Sasori mendesah pelan melihat buku itu. Tapi dia tak ada pilihan lain selain memakainya.
"Jatuh cinta… Itu yang harus dilakukan sebelum kau mengenali cinta." Ucap Sasori kepada Sakura yang sudah berada di hadapannya.
"Jatuh cinta? Bagaimana caranya? Apa sakit?"
Sasori terkekeh kecil mendengar pertanyaan-pertanyaan polos Sakura untuknya. Apakah gadis ini benar-benar tak tahu apa-apa?
"Tidak sakit. Heem… bagaimana ya. Sebentar…" Sasori membuka bukunya dan mulai meneliti satu per satu jawaban yang dia butuhkan untuk pertanyaan Sakura. "Pertama… Kau harus tersenyum."
Pernyataan Sasori membuat Sakura mengerjapkan matanya berkali-kali.
"Kenapa?"
"Karena jika kau tersenyum kau akan membuat orang-orang menyukaimu. Itu akan membuat kau mudah membuat orang lain jatuh cinta dan kau pun akan mudah mencintai."
"Aaah…"
Sakura menggerakkan seluruh wajahnya sebelum akhirnya melebarkn sedikit demi sedikit bibirnya. Tak hanya bibirnya yang membuat lengkungan tetapi juga kedua matanya ikut melengkung seakan-akan ikut tersenyum.
Gadis itu tersenyum.
Parasnya semakin terlihat mempesona bagi Sasori hingga pria itu tak sadar jika kinerja jantungnya kian cepat.
"Bagaimana menurutmu?"
Pertanyaan Sakura membuyarkan lamunan Sasori seketika.
"Eh.. lakukan seperti itu."
"Benarkah? Heem… Aku akan mulai tersenyum. Lalu selanjutnya apa?"

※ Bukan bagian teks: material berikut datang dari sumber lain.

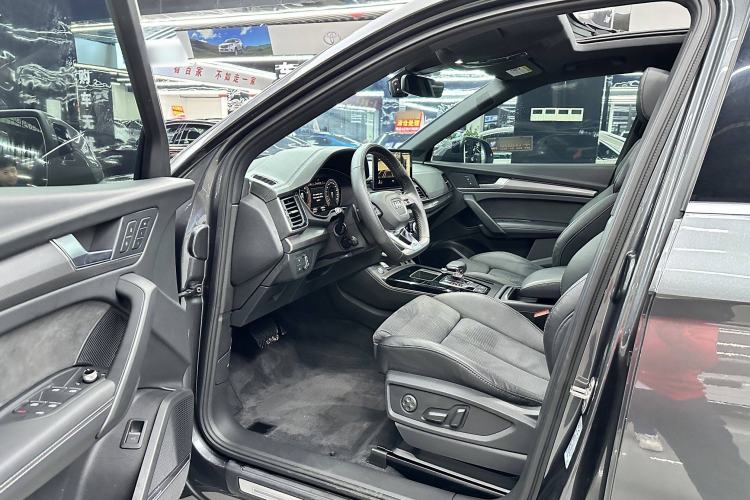 Used Audi Q5L Sportback 2021 45 TFSI Luxury Edition Interior 4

"Heem…" Sasori kembali membuka bukunya dan membaca petunjuk selanjutnya. "Berpenampilan lah yang baik. Setiap orang akan melihat penampilanmu pertama kali, jadi untuk membuat seseorang jatuh cinta padamu, buatlah dia tertarik terlebih dulu."

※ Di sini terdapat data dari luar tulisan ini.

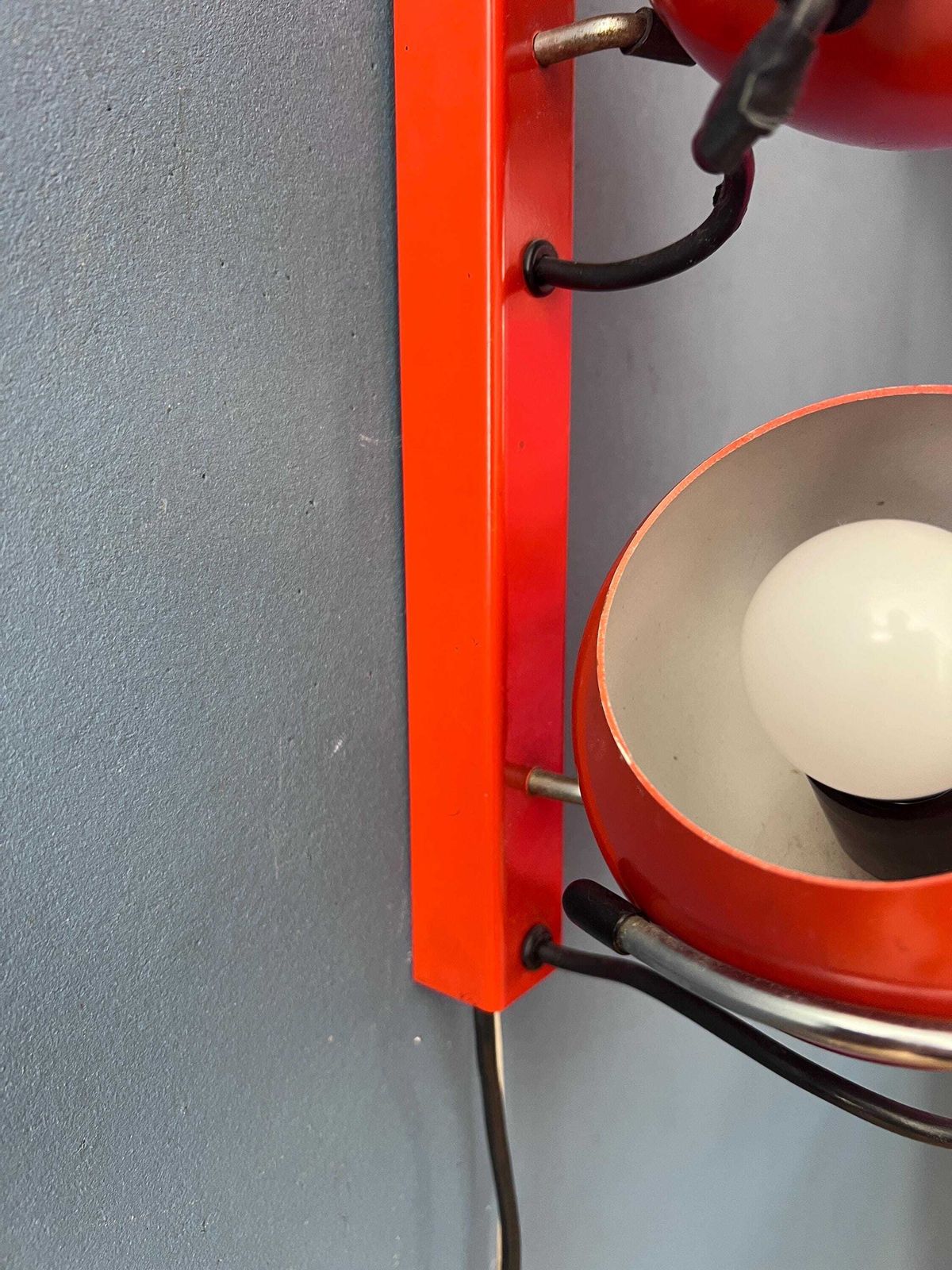 photo buy Mid Century rode Gepo Space Age Eyeball wandlamp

Sakura menganggukkan kepalanya pertanda dia mengerti dengan kalimat yang diucapkan Sasori. Lantas gadis itu beranjak dari tempat duduknya dan berjalan menuju sebuah kamar yang tak jauh dari ruang belajar.
"Kemana dia?" Tanya Sasori heran.
...
Sasori masih berkutat dengan buku pinjamannya itu. Tak terasa sudah cukup lama Sakura meninggalkannya hingga membuat pria itu cukup penasaran dengan apa yang dilakukan gadis itu.
"Apa yang dilakukan? Harusnya aku pamit dulu tadi…" Keluh Sasori sambil menutup bukunya kasar. "Buku aneh… Mana mungkin hanya karena senyuman dan penampilan bisa membuat orang jatuh cinta. Kalau begitu pasti aku mudah mendapatkan gadis." Ungkapnya penuh percaya diri.
Ceklek…
Knop pintu kamar yang dimasuki Sakura berbunyi, sontak Sasori menoleh pada kamar itu.
"Ne, bagaimana?"
Sakura keluar dengan dress berwarna putih selutut dan rambutnya yang panjang bergelombang dibiarkan tergerai. Wajahnya sudah dimake up natural dengan senyuman menghiasi wajahnya, menambah kecantikan gadis itu.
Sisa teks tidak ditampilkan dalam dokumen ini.